The winning performance at a recent Palestinian youth dancing competition in Nablus called for violence against Israel and featured the lyrics “jihad is needed, pull the trigger,” the watchdog organization Palestinian Media Watch reported Monday.

The event took place at the Yafa Cultural Center, which is funded by Germany, Norway, and the European Union itself. The winning dance was performed by 14-year-old Ru’a Ahmed Sa’id Hamdan to the song “Pull the Trigger,” which was previously broadcast on a Palestinian Authority television channel in 2010.

The song includes the lyrics:

We replaced bracelets with weapons
We attacked the despicable [Zionists]
We do not want [internal] strife or disputes
While this invading enemy is on the battlefield
This is the day that Jihad is needed
Pull the trigger.
We shall redeem Jerusalem, Nablus and the country.

Hamdan and the competition’s top two runners-up received trophies bearing a map of “Palestine” that encompassed the entirety of Israel and the Palestinian territories.

[Photo: Yafa Cultural Center]

Incitement to violence against Israel is a recurring theme in music promoted by the Palestinian Authority. During the ruling Fatah party’s conference late last year, an official PA television channel repeatedly played a song calling “to free the state from the hands of the Zionists” and to “slice open the enemy’s chest, slice it.”

The New York Times reported in October 2015—at the start of the so-called “knife intifada”—that violent, “nationalistic” tracks were dominating Palestinian airwaves, with one young listener saying the tunes make him “boil inside” and prepare him to throw stones at Israeli soldiers. The songs feature lyrics such as “stab the Zionist and say God is great” and “say hello to being a martyr,” and their accompanying videos often contain graphic imagery.

Music from the Gaza Strip, which is ruled by the terrorist group Hamas, similarly incites its audience to violence against Israel. A Gaza-based Palestinian band released a music video in December telling Jews to flee before the Palestinians “burn down” Tel Aviv, “or else your body parts will be collected and you will go to Hell to be roasted in its fire.” Earlier this month, Hamas released a video filled with stereotypical anti-Semitic images that warned, “Zionist, a rocket will get you where you live.”

Israeli officials have accused Palestinian incitement, both by leading officials and on social media, of fueling terrorist attacks.

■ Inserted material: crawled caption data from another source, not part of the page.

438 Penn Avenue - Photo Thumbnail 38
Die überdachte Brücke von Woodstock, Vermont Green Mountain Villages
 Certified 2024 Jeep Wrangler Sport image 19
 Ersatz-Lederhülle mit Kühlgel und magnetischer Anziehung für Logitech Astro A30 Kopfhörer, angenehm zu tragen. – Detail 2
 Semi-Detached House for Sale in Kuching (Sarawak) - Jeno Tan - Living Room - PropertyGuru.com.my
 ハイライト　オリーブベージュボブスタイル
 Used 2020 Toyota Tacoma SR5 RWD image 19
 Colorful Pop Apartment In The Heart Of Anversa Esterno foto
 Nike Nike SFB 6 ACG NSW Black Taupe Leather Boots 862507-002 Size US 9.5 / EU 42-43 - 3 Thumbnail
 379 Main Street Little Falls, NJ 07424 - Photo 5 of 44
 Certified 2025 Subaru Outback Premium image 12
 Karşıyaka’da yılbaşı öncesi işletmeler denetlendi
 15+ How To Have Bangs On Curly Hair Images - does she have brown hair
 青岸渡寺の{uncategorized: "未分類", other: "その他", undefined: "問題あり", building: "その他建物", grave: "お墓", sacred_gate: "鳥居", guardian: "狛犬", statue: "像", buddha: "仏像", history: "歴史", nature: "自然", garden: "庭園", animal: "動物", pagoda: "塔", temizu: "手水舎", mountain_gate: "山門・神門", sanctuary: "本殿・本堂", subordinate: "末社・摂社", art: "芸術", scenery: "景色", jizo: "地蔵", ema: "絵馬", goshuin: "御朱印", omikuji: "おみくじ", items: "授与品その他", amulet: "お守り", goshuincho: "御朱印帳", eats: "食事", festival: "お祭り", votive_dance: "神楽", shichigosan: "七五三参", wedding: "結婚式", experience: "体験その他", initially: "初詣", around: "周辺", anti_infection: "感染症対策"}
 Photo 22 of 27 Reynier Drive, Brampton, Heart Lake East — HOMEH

The aunt of an Arab teenager who stabbed an Israeli security guard last year said the girl may have been influenced by online videos encouraging attacks. The Shin Bet, Israel’s internal security agency, attributed a stabbing attack in which an Israeli mother of six was killed by a Palestinian teenager in January 2016 to similar incitement. “On the day of the murder, while under the influence of the programs he had been exposed to on Palestinian television, the minor decided to commit a stabbing attack with the goal of murdering a Jew,” the agency said in a statement.